Beginning at the line that contains "Unisex Square Full", reproduce every line to the end of the material without changing any of them.

::: MATERIAL SUPPLIED :::

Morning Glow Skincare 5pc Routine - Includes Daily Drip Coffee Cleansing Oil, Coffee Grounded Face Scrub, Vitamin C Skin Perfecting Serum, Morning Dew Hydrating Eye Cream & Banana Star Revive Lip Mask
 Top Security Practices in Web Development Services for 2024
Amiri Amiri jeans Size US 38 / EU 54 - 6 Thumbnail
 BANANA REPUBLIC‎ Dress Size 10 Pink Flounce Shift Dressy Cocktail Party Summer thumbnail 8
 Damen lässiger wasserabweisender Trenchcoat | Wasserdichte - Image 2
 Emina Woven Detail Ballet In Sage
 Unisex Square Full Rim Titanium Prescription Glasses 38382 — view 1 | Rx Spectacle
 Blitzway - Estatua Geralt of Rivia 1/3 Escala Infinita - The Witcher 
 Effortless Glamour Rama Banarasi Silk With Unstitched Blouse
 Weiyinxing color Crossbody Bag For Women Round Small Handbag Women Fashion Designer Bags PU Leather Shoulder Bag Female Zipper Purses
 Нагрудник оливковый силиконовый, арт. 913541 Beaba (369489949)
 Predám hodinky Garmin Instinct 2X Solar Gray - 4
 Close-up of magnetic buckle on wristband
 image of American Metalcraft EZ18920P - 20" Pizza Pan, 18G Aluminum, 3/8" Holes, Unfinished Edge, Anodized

:::

▶ _FINAL ANSWER_:
 Unisex Square Full Rim Titanium Prescription Glasses 38382 — view 1 | Rx Spectacle
 Blitzway - Estatua Geralt of Rivia 1/3 Escala Infinita - The Witcher 
 Effortless Glamour Rama Banarasi Silk With Unstitched Blouse
 Weiyinxing color Crossbody Bag For Women Round Small Handbag Women Fashion Designer Bags PU Leather Shoulder Bag Female Zipper Purses
 Нагрудник оливковый силиконовый, арт. 913541 Beaba (369489949)
 Predám hodinky Garmin Instinct 2X Solar Gray - 4
 Close-up of magnetic buckle on wristband
 image of American Metalcraft EZ18920P - 20" Pizza Pan, 18G Aluminum, 3/8" Holes, Unfinished Edge, Anodized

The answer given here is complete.